第66話 野荒柱&狐憑きの村出身の女優とAD



 

 ちゃらい若者と入れ替わりに出て来たのは、打って変わって地味な三十男だった。

「大野のことで、なにか?」

 頭の黄色いタオルを取りながら警戒を滲ませる三十男に、貫太郎は簡潔に告げた。


「ある事件……と言っても、もうおわかりと思います。お察しのとおり女優殺人事件ですが、その現場におられた大野さんにも関係者として聞き取りを行いたいのです」


 朽ちかけた周囲の景色に溶けこんだような三十男は、大豆ほどの目を見開いた。


「事件に直接の関係がなさそうなことでも、なんでも結構です。なにか気付いたこと記憶に残っていることなどありましたら、なんでもいいですから聞かせてください」


 しばらく逡巡していた三十男は、やがてオドオドした様子で語り出した。


「友人として話していいかどうか迷いますが、おれ、あいつの潔白を信じているのでお話します。抜擢されたと張りきっていた映画『See you again! ジロー』の撮影が始まってから、一度飲んだことがあるんですが、あいつ、頭を抱えていたんですよ」

「ほう。どんな件で?」

「主演女優の林美智佳に、ぎゅうぎゅうに難じられたそうなんです」

「失礼ながら、ADと女優と、そんなに接点があるものなんですか?」


 率直な疑問を口にする貫太郎に、三十男はかえって気を許したらしい。


「ふつうは、ないです。でも、そのときは林美智佳のほうから『あなたの実家、樵村でしょう?』と声を掛けて来たそうです。
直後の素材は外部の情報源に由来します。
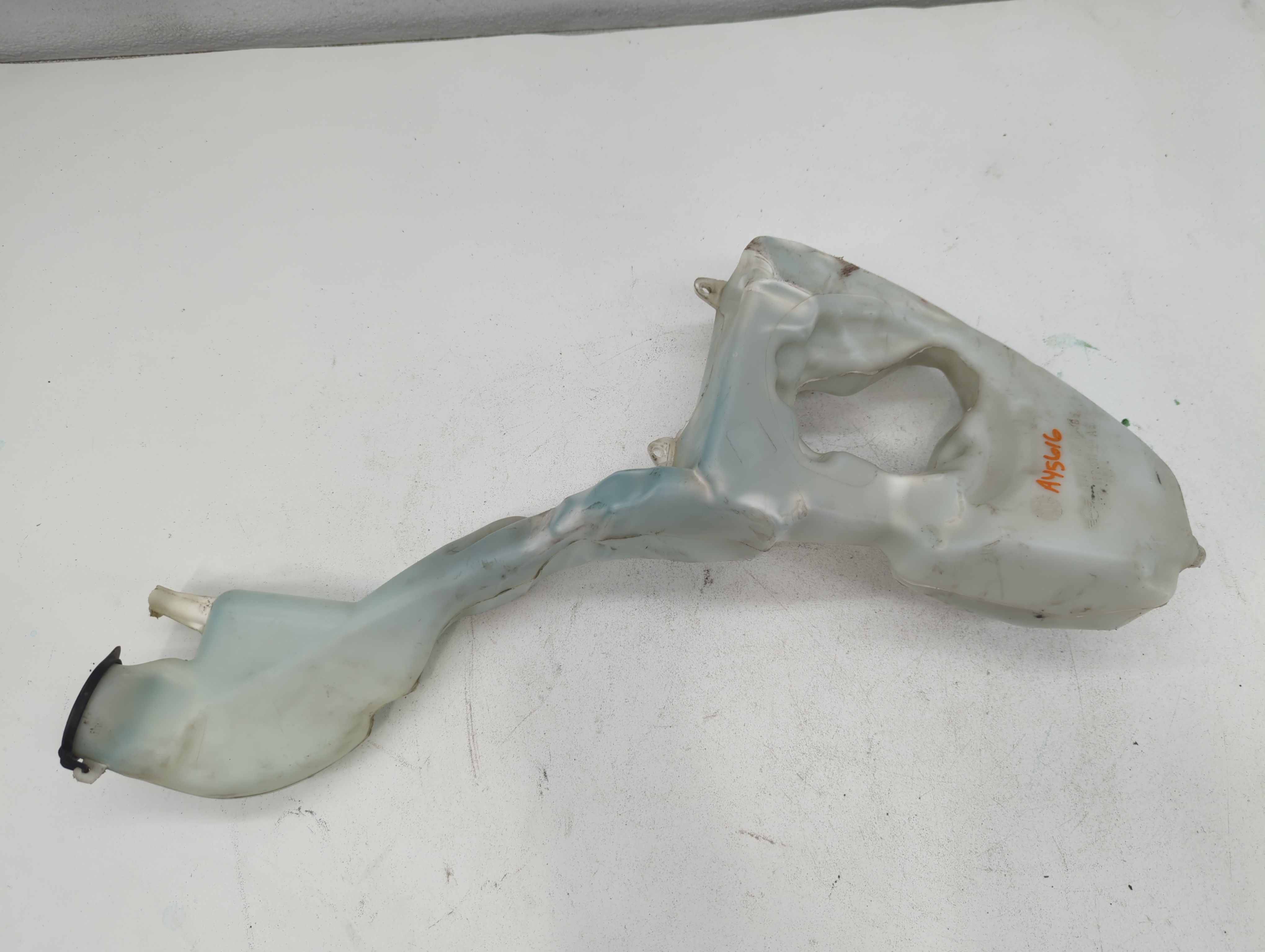Ford Club Windshield Washer Fluid Reservoir Bottle Oem 680152 - Oemusedautoparts1.com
林美智佳の先祖も同じ村の出身だとかで」


「え、そうだったの? 初耳だな、それは」

 貫太郎と曽山は同時に素直な声をあげた。


「で、撮影の合間に大野を物陰に呼んだ林美智佳は、『あんたの先祖がわたしの祖母を殺したんだ。孫のあんたが謝ってくれ』いきなりこう難じて来たそうなんですよ」


「とつぜん物騒な話になりましたね。どういう意味なんですか?」貫太郎の問いに、三十男は「また聞きですけどね……」と断りながらも、もったいぶって話し出した。
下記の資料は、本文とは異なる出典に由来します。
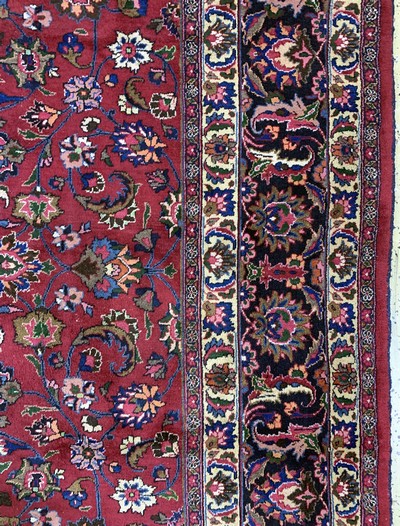 27037017f - Mesched signiert, Persien, Mitte 20.Jhd, Wolle auf Baumwolle, ca. 392 x 311 cm, EHZ: ...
「いまから半世紀余り前の出来事らしいです。そのころ、樵村の住人だった林美智佳の祖父母は、凶作時の穀物の分配を巡るいきさつから狐憑きつねつきとして誹られるようになった。狭い村内での孤立に堪えられなくなった祖母は、ある夜、裏山で首を吊った。残された祖父とふたりの子どもは、夜逃げのようにして東京へ出て来たそうです」


 予想外の展開に、貫太郎と曽山は固唾を呑んで聞き入った。


「そのとき、伊東家を村八分にした代表格が大野康平の祖父母だった。如何なる運命の皮肉か、今回の映画で、過去に確執のあった両家の末裔が顔を合わせた。なにかのきっかけで大野の祖先を知った林美智佳は、相当に激しい口調で謝罪を迫ったようです。せっかくの抜擢が仇になったわけで、ブラックジョークのような話ですが……」


 純朴の塊のような三十男は、ほんの少し口角を上げた。


 ――「抜擢」と、二度も言ったな。


 ことさらな親しさを装ってはいるが、同僚への妬心は相当のようだ。

 目の前の男を冷静に観察しつつ、貫太郎は別の思いに捉われていた。


 標高が高い地方では、冷夏や旱魃かんばつのとき、粟や稗の一粒が命取りになる。山麓の寒村には、他家の作物を盗んだ村人を縛り付けておく「野荒柱のあらしばしら」も存在したと聞いている。まさかのことに、この飽食の時代にも、往時の飢餓の記憶が尾を引いていたとは……。